The affected groups have raised their voices in the streets against the position of the new government.
“We obtained this thanks to many fighters who gave up their lives for this cause. They are trying to make people believe that these rights are wrong. It’s crazy,” said Ariel Heredia, 36 years old and who identifies as non-binary, in a recent protest called by the state employees union in Buenos Aires. He was fired from the Directorate of Women, Gender and Diversity of the cabinet of ministers.
Without a job, Heredia lost health coverage to access the HIV medication he needs.

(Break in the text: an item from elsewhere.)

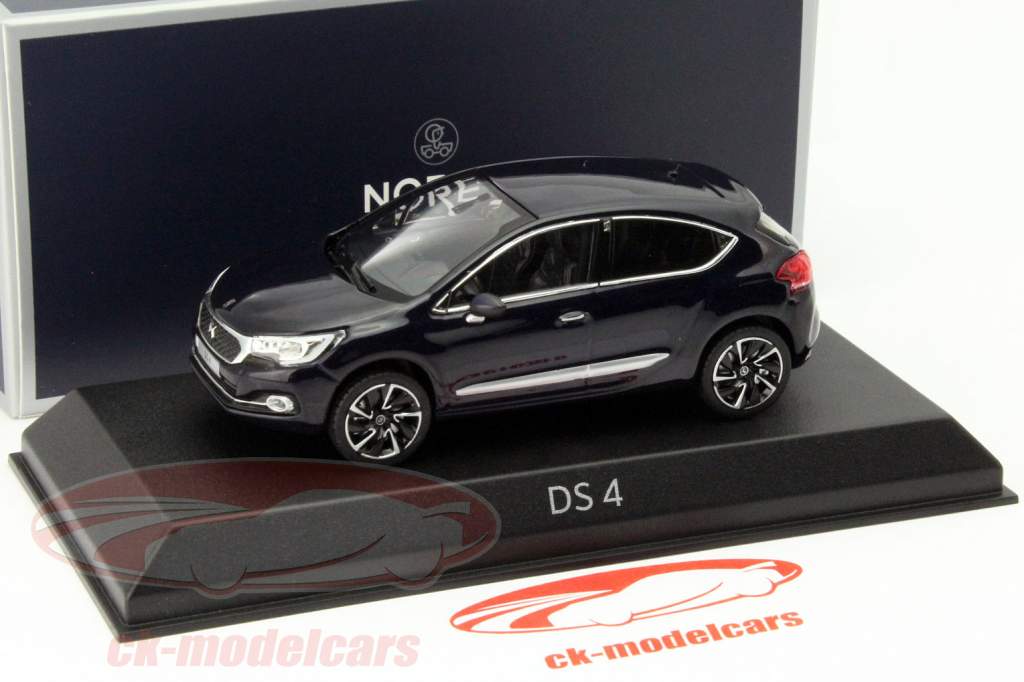 Citroen DS4 Baujahr 2015 dunkelblau 1:43 Norev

The Argentine LGBT Federation promoted a collective protection action in justice to stop what it described as “an unprecedented attack on the trans community.” Other organizations are preparing presentations before international organizations.
“There is a focus there. Many of these people worked in gender offices of public departments that were dismantled,” said Clarisa Gambera, head of the ATE Gender Department. “There are organizations where it is openly said that the public administration must be cleaned of ‘travas’ (a pejorative adjective to refer to transvestites).”
Heredia now regrets having to “disguise myself as a cis male”—one who identifies with stereotypical male roles—to look for a job. “Because I am a non-binary person, it is a contradiction for me, but I also have to update (adapt) to the system. Or starve to death. That’s unfortunately how it is.”